It is perfectly possible to find oil and gas industry veterans who are sceptical of these developments. But their reason is not that they doubt the technology. Their response tends to be more along the lines of: “It sounds great, but when the oil price is high, we don’t need to cut costs, and when it’s low, we have other things to worry about”.

However, a digitalised carbon tax could provide the constant, incremental pressure that is needed to get the industry to exploit the power of digitalisation to decarbonise.   

And the industry needs to do this, because it faces all sorts of other challenges. By some measures, its energy return on investment is declining.[22] It may become vulnerable to climate change litigation. It may face competition from lower carbon alternatives that are cheaper and more effective substitutes for what it offers than are currently available.[23] But if the industry saves costs, it will become less risky, and it will be more able to invest in areas where its expertise will be crucial, like hydrogen and carbon capture and storage, that can give it a longer-term future.

Bring on the smart carbon tax of the future, then, and everyone should be a winner. In the meantime, even if the fully digitalised and personalised kind of platform outlined above lies too far in the future to be relied on as the only way forward, there is still plenty of scope to make more widespread use of carbon pricing, at higher and therefore more incentivising levels, and with redistribution and carbon border adjustment elements – and there is a strong case for doing so urgently.

The author is extremely grateful to the World Energy Council (Austria) and the Organisation for Security and Co-operation in Europe for inviting him to speak on the subject of “carbon neutrality vs. economic interests” at the 2nd Vienna Energy Strategy Dialogue in November 2019 (which was themed around “The Impact of Big Data in Energy, Security and Society”).
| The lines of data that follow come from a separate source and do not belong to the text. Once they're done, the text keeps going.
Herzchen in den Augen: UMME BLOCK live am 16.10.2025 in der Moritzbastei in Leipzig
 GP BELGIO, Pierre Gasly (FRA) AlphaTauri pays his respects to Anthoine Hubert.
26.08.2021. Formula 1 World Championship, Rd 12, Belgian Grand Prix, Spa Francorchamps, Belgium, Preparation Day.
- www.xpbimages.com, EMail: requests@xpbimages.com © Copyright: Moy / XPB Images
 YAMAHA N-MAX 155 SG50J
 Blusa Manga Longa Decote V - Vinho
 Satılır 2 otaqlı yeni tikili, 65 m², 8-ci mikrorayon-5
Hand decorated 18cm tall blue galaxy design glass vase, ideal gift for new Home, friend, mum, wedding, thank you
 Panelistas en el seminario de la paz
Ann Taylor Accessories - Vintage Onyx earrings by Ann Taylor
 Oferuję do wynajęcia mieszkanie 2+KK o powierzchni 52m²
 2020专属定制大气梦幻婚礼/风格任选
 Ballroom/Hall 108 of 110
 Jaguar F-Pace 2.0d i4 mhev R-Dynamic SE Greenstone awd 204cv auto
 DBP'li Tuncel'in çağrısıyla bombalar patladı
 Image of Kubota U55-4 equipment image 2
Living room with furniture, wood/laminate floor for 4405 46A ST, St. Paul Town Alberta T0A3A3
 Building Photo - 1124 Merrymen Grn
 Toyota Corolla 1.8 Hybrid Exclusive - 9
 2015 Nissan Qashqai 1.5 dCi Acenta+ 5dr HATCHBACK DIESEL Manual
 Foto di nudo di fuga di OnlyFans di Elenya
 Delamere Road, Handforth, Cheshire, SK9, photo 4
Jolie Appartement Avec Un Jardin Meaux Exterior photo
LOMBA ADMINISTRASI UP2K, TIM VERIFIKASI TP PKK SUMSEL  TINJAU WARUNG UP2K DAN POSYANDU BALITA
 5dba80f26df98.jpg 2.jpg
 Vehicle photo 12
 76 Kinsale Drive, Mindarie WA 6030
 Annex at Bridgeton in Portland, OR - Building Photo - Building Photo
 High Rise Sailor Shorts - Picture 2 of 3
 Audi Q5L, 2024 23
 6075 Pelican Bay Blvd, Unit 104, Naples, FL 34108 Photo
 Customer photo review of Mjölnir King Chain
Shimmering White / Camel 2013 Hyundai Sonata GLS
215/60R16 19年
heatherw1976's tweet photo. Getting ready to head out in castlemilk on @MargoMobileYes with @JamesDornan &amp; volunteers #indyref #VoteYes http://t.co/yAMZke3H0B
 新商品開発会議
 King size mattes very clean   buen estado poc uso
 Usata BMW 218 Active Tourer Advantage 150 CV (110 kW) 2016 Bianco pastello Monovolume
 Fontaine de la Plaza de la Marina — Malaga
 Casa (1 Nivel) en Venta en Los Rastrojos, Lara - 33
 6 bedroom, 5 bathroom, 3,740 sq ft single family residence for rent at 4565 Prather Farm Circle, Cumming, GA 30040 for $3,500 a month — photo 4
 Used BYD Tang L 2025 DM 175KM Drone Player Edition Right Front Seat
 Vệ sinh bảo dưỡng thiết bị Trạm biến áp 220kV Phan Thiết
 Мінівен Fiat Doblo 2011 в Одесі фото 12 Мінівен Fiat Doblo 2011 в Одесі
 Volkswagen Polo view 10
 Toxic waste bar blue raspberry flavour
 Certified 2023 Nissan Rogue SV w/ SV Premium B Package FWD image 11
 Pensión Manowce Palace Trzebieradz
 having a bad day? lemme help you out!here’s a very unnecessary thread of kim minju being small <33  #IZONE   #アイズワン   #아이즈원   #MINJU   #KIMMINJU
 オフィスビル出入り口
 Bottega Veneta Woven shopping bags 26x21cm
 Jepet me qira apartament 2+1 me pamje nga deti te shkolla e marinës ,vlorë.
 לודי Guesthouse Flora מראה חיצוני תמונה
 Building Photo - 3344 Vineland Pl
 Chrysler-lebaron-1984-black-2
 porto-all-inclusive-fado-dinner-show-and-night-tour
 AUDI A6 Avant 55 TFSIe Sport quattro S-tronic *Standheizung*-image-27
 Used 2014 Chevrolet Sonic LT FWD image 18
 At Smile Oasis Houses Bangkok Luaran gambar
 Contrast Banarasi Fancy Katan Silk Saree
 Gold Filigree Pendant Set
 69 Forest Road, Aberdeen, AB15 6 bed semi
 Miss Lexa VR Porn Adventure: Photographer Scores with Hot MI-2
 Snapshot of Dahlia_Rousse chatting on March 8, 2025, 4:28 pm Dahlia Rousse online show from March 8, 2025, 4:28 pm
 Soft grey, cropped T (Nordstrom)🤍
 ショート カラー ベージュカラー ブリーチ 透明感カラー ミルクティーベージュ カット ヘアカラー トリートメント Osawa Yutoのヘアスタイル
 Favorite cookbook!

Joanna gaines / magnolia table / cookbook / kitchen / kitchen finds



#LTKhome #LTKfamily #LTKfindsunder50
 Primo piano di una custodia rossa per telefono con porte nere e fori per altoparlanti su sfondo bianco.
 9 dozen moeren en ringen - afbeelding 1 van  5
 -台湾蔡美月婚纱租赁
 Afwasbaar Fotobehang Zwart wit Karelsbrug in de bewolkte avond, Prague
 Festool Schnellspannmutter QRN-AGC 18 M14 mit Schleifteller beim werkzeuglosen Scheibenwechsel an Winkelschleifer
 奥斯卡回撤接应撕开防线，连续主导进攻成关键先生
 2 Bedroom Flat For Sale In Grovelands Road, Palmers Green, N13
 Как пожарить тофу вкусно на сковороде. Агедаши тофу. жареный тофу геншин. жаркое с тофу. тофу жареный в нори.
This article is a version of his contribution on that occasion.


[1] The proposition that, as regards climate change, mitigation of undesirable outcomes before they materialise is cheaper than adaptation to them once they have arrived, was authoritatively stated in the Stern Review of the Economics of Climate Change, commissioned by the UK government and published in 2006. The UK government’s independent advisory body on climate change, the Committee on Climate Change, found in its 2019 report recommending the adoption of a “net zero” target for UK greenhouse gas emissions in 2050 that this would not cost any more than the previous statutory target of an 80% reduction against 1990 levels (itself partly triggered by Stern’s conclusions).

[2] The gap between the emissions trajectories of current and announced policies and what is needed to avert unacceptable adverse impacts of climate change has been highlighted in many places, including the IPCC’s 2018 special report on Global Warming of 1.5ºC and the UN Environment Programme’s 2019 Emissions Gap Report.

[3] See page 90 of the Committee on Climate Change report on net zero for graphics and full citation.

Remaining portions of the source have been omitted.